What is the first step to achieving LDL goals?
TLC, or therapeutic lifestyle changes! Specific diet & exercise recommendations established by guidelines
Is aggressive LDL management worth it?
YES! An extensive & growing body of rigorous evidence now supports the effectiveness of aggressive management of LDL.

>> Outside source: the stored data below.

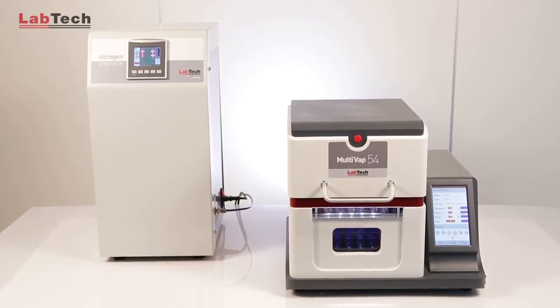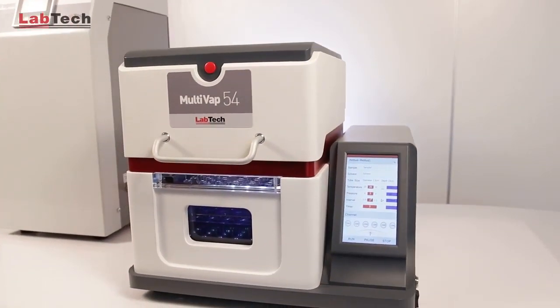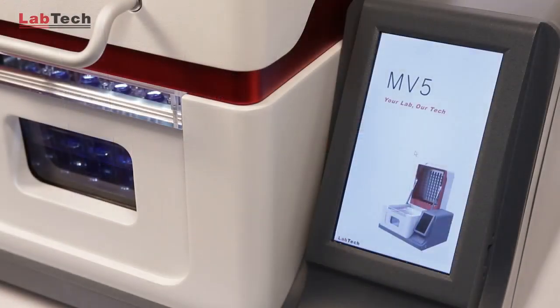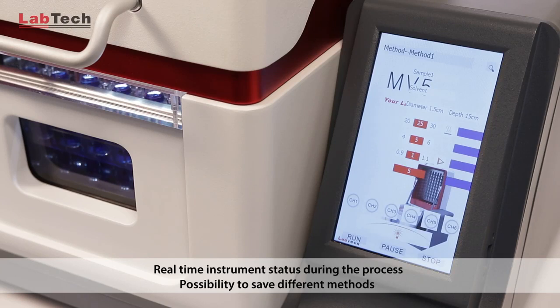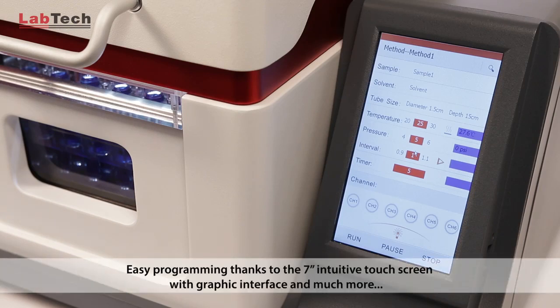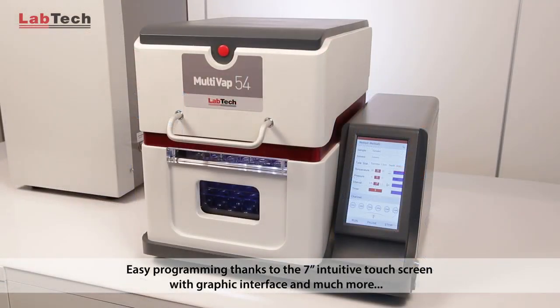Thanks to the intuitive touch screen with graphic interface, the operator can have real-time instrument status and control functions such as pressure, time, and temperature. Countless methods can be saved thanks to the easy programming function and the 7-inch intuitive touch screen.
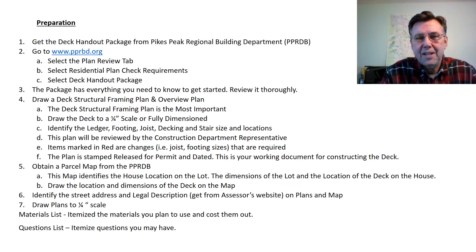Preparation. The first and most important thing is to get a deck handout package from the Pikes Peak Regional Building Department website. I've highlighted the web address. The package has everything you need to know to get started, such as type of nails, screws, hardware, lumber, stair and footing requirements. Review it thoroughly.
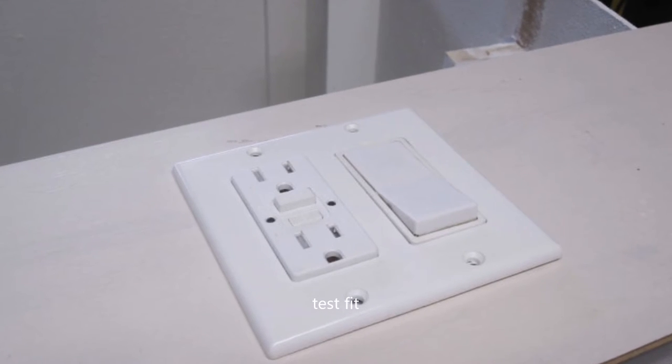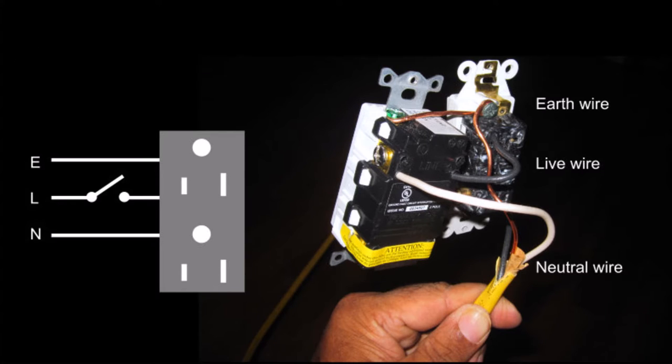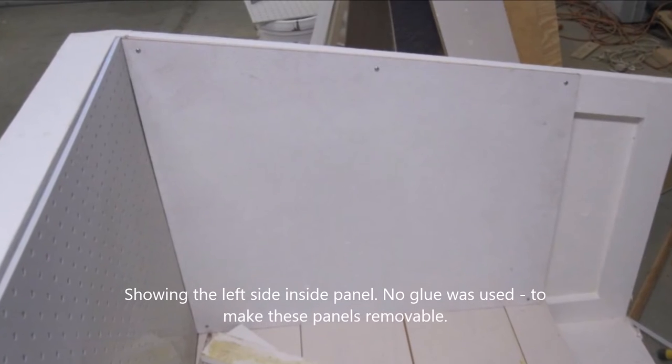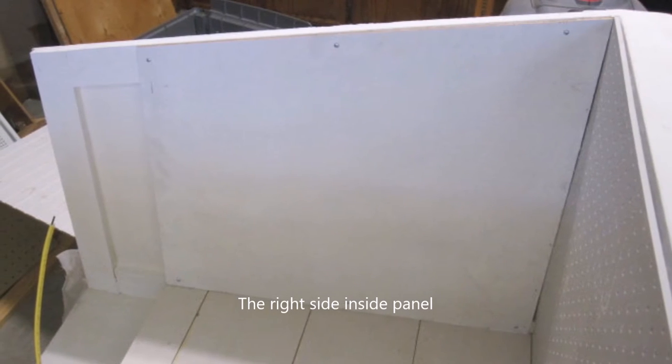Once the test fit was okay, I started the wiring, which was quite simple. The live wire goes through the switch into the socket; earth and neutral are connected to the relevant screws or holes depending on your unit — white is neutral here. I put in an extra yellow wire as well. The side panels were attached with just screws, not glue, because I might need to remove them for cleanups.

Very simple: lowering lipids…
…reduces coronary events!
Most patients with diabetes die of…
…atherosclerosis & its complications.
What ultimately causes the gravest complications of atherosclerosis?
THROMBOSIS.
List some MAJOR risk factors that modify LDL goals in a patient
#Smoking #Hypertension (>140/90 or on anti-hypertensive) #Low HDL (< 40 mg/dL) #Diabetes #Family hx of premature CHD (male 1º relative <65 yr) #Age (men ≥ 45, women ≥ 55) #Obesity #Physical inactivity #Atherogenic diet
List some EMERGING risk factors that modify LDL goals in a patient
#Lipoprotien(a) #Homocysteine #Prothrombotic factors #Proinflammatory factors #Impaired fasting glucose #Subclinical atherosclerosis
What are the LDL cholesterol goals for very high risk patients (known ACS, CHD w/ DM, or multiple risk factors)?
Goal < 1.8 (< 70)
Initiate TLC: ≥70
Consider drug therapy: ≥ 70
What are the LDL cholesterol goals for high risk patients ( CHD or CHD risk equivalents, 10 yr risk > 20%)?
Goal: < 2.6 (< 100)
Initiate TLC: ≥ 100
Consider drug therapy: ≥ 100
If LDL in these patients is < 100, may consider optional goal of 70
What are the LDL cholesterol goals for moderately high risk patients (2+ risk factors; 10 yr risk 10-20%)?
Goal < 2.6 (< 100)
Initiate TLC: ≥ 130
Consider drug therapy ≥ 130
What are the LDL cholesterol goals for moderate risk factor patients (2+ risk factors, risk < 10%)?
Goal < 3.4 (< 130)
Initiate TLC: ≥ 130
Consider drug therapy: ≥ 160
What are the LDL cholesterol goals for low risk patients (none or 1 risk factor)?
Goal < 4.1 ( < 160)
Initiate TLC: ≥ 160
Consider drug therapy: ≥ 190
What are the defining factors of metabolic syndrome?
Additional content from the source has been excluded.